Ibid. The threshold question then is what duty, if any, Officer McGrath would have owed Mr. White, if Officer McGrath had been--as Mr. Murry was--a private citizen who voluntarily set out to capture the horse. Any such duty would, of course, have been owed not to Mr. White alone but to all foreseeably imperilled users of the highway, if any there can be said to have been.

Officer McGrath and Mr. Murry did not own the horse and were not, therefore, under the duty owed by owners of domestic animals to exercise ordinary care to prevent their animals' doing harm. See Restatement of Torts, Second Sec. 518, Comment i (1977) ("If a horse is turned loose in a field that abuts upon a public highway, it may reasonably be anticipated that he will wander onto it, and that, particularly in the night time, his presence there may constitute an unreasonable danger to traffic."); Loeffler v. Rogers, 136 A.D.2d 824, 523 N.Y.S.2d 660, 661 (App.Div.1988) (horses on highway justified application of res ipsa loquitur in suit against owner).

That Mr. Murry and Officer McGrath, if he had been a private citizen, might be said to have acted as "good Samaritans" does not preclude tort liability.

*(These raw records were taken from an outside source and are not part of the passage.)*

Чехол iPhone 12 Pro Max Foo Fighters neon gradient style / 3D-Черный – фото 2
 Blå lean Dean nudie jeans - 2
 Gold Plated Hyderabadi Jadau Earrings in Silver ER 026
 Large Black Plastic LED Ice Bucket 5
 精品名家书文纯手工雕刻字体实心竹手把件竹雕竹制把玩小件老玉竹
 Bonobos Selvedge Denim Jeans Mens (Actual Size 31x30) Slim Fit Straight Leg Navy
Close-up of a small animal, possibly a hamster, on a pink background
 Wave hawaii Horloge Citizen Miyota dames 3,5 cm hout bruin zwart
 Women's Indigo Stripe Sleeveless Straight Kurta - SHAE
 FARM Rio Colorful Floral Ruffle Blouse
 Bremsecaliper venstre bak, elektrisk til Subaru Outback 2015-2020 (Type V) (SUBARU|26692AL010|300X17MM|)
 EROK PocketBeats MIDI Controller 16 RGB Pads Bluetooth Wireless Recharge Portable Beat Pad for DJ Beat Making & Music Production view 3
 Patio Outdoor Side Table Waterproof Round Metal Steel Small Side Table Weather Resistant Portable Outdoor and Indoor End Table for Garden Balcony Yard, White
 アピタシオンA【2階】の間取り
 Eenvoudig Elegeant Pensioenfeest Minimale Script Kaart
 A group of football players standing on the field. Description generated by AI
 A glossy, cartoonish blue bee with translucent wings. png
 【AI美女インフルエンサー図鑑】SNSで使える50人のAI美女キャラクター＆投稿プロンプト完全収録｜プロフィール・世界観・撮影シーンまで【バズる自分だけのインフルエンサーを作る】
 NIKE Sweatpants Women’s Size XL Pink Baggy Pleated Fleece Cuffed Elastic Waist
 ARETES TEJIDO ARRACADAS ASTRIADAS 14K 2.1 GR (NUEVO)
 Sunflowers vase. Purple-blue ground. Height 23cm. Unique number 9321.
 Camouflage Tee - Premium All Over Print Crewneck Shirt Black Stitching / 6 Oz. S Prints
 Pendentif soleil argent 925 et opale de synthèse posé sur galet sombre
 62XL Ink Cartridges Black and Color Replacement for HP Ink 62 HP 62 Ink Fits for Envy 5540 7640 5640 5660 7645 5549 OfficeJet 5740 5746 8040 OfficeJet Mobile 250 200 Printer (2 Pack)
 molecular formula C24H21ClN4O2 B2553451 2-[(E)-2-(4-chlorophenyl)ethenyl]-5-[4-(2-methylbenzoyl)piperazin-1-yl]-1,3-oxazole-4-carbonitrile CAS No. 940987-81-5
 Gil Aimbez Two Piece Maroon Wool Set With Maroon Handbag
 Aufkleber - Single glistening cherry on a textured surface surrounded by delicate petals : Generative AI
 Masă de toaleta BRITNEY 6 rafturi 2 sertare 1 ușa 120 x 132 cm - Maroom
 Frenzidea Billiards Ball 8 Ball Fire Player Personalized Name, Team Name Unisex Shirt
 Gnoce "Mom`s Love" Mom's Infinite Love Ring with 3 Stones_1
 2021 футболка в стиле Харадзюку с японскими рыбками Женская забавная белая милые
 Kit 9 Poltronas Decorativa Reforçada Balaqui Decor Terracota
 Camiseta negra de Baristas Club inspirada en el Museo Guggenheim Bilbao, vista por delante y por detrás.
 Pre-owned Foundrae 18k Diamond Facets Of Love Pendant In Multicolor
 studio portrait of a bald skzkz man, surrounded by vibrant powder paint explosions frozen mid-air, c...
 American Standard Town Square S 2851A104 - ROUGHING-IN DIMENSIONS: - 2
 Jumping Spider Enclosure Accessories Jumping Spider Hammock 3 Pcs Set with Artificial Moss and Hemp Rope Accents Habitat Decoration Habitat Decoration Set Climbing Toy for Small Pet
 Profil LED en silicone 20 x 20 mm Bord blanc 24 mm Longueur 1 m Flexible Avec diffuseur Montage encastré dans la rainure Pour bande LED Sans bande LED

One who undertakes, gratuitously or for consideration, to render services to another which he should recognize as necessary for the protection of the other's person or things, is subject to liability to the other for physical harm resulting from his failure to exercise reasonable care to perform his undertaking, if

(a) his failure to exercise such care increases the risk of such harm....

Restatement of Torts, Second Sec. 323 (1965). Even where there is no duty to act, the law imposes a general duty "that the actor, if he acts at all, must exercise reasonable care to make his acts safe for others." Restatement of Torts, Second Sec. 547, Comment b (1965).

If the actor does an act, and subsequently realizes or should realize that it has created an unreasonable risk of causing physical harm to another, he is under a duty to exercise reasonable care to prevent the risk from taking effect.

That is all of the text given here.